Gluttony (, derived from the Latin gluttire meaning "to gulp down or swallow") means over-indulgence and over-consumption of food, drink, alcohol and other recreational drugs, or wealth items, particularly as status symbols. 

In Christianity, it is considered a sin if the excessive desire for food causes it to be withheld from the needy. Some Christian denominations consider gluttony one of the seven deadly sins.

Etymology 
In Deut 21:20 and Proverbs 23:21, it is זלל. The Gesenius Entry (lower left word) has indications of "squandering" and "profligacy" (waste).

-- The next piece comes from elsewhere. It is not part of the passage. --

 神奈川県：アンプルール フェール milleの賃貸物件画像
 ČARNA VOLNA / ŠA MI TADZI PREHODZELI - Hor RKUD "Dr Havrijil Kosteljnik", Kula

In Matthew 11:19 and Luke 7:34, it is φαγος ("" transliterated character for character), The LSJ Entry is tiny, and only refers to one external source, Zenobius Paroemiographus 1.73. The word could mean merely "an eater", since φαγω means "eat"

In religion

Judaism 
Rambam, for example, prohibits excessive eating and drinking in Hilchot De'ot (e.g., halachot 1:4, 3:2, 5:1). The Chofetz Chaim (Yisrael Meir Kagan) prohibits gluttony on the basis of Leviticus 19:26, in Sefer Ha-Mitzvot Ha-Katzar (Prohibition #106).

Christianity 

Church leaders from the ascetic Middle Ages took a more expansive view of gluttony:

St. Gregory the Great 
Pope Gregory I (St. Gregory the Great), a doctor of the Church, described the following ways by which one can commit sin of gluttony, and corresponding biblical examples for each of them:

1. Eating before the time of meals in order to satisfy the palate.
Biblical example: Jonathan eating a little honey, when his father Saul commanded no food to be taken before the evening. (Note that this text is only approximately illustrative, as in this account, Jonathan did not know that Saul had forbidden eating.)
2. Seeking delicacies and better quality of food to gratify the "vile sense of taste."
Biblical example: When Israelites escaping from Egypt complained, "Who shall give us flesh to eat? We remember the fish which we did eat in Egypt freely; the cucumbers and the melons, and the leeks and the onions and the garlic," God rained fowls for them to eat but punished them 500 years later.
3. Seeking to stimulate the palate with overly or elaborately prepared food (e.g. with luxurious sauces and seasonings).
Biblical example: Two sons of Eli the high priest made the sacrificial meat to be cooked in one manner rather than another. They were met with death.
4. Exceeding the necessary quantity of food.
Biblical example: One of the sins of Sodom was "fullness of bread."
5. Taking food with too much eagerness, even when eating the proper amount, and even if the food is not luxurious.
Biblical example: Esau selling his birthright for ordinary food of bread and pottage of lentils. His punishment was that of the "profane person . . . who, for a morsel of meat sold his birthright," : we learn that "he found no place for repentance, though he sought it carefully, with tears." 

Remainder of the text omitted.